Exercise aim
Only the text of the records, copied exactly, is wanted; no pictures.

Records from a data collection
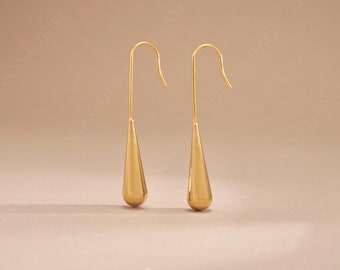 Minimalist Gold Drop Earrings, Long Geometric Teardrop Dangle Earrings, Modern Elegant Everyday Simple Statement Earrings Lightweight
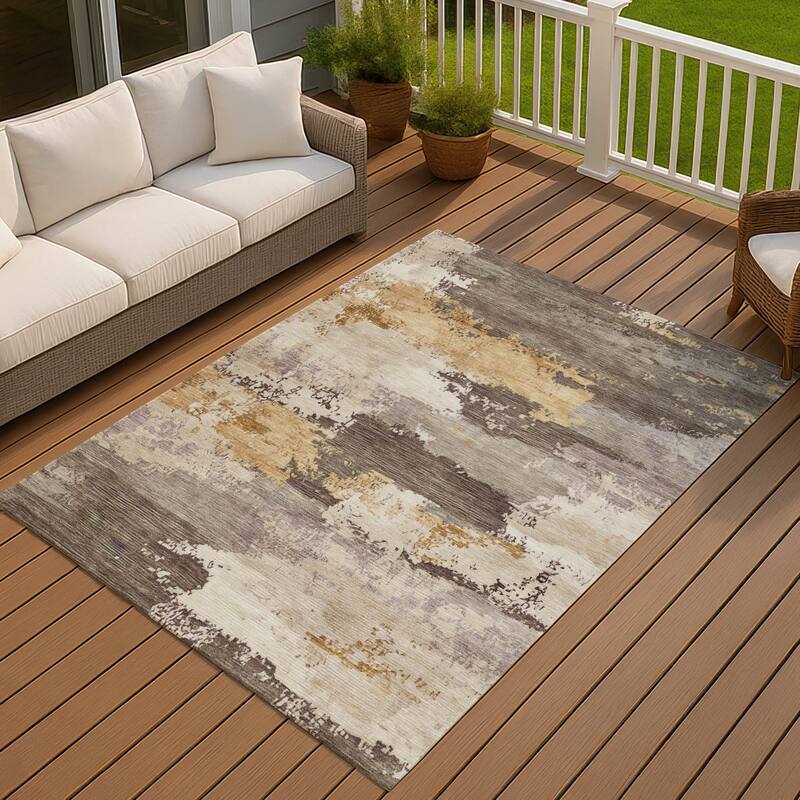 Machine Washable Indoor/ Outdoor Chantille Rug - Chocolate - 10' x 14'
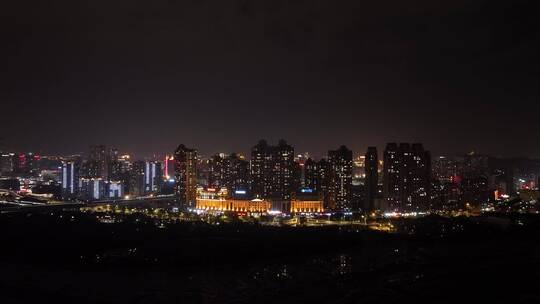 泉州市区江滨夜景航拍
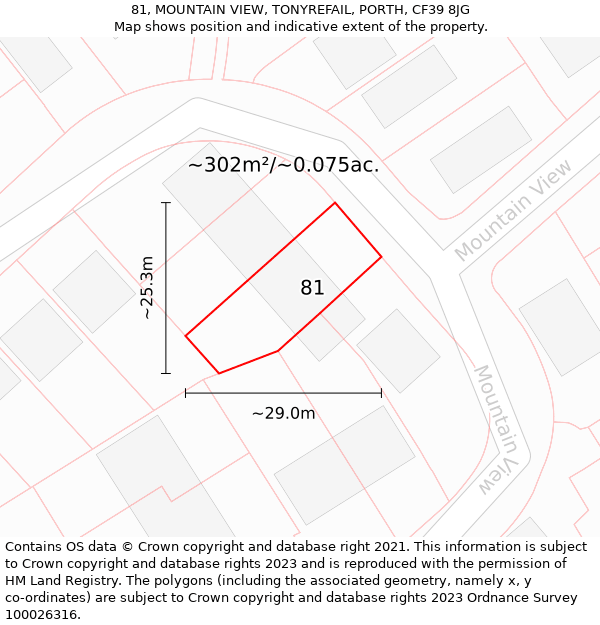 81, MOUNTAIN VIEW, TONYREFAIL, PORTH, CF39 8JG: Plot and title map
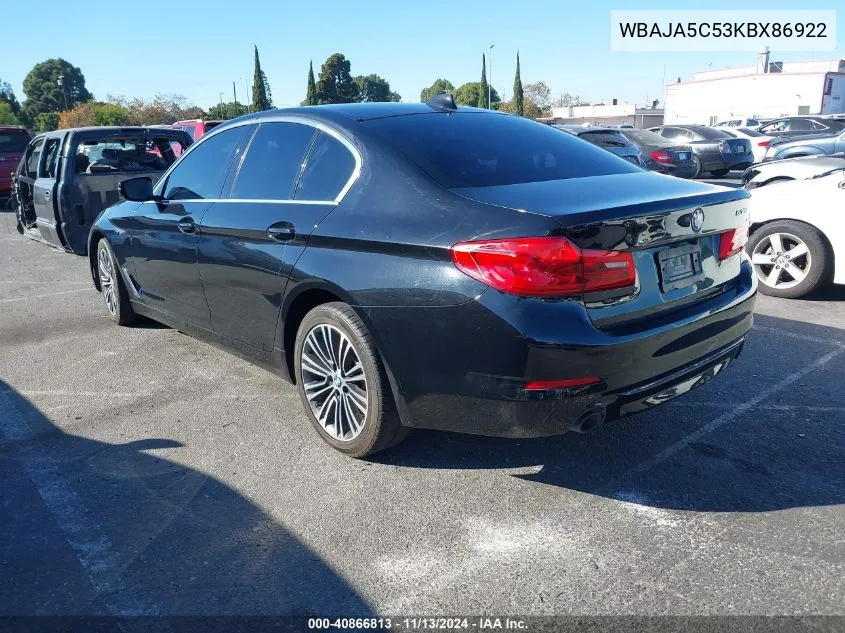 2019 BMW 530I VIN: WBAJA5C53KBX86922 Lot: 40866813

Solution for this problem
 Minimalist Gold Drop Earrings, Long Geometric Teardrop Dangle Earrings, Modern Elegant Everyday Simple Statement Earrings Lightweight
 Machine Washable Indoor/ Outdoor Chantille Rug - Chocolate - 10' x 14'
 泉州市区江滨夜景航拍
 81, MOUNTAIN VIEW, TONYREFAIL, PORTH, CF39 8JG: Plot and title map
 2019 BMW 530I VIN: WBAJA5C53KBX86922 Lot: 40866813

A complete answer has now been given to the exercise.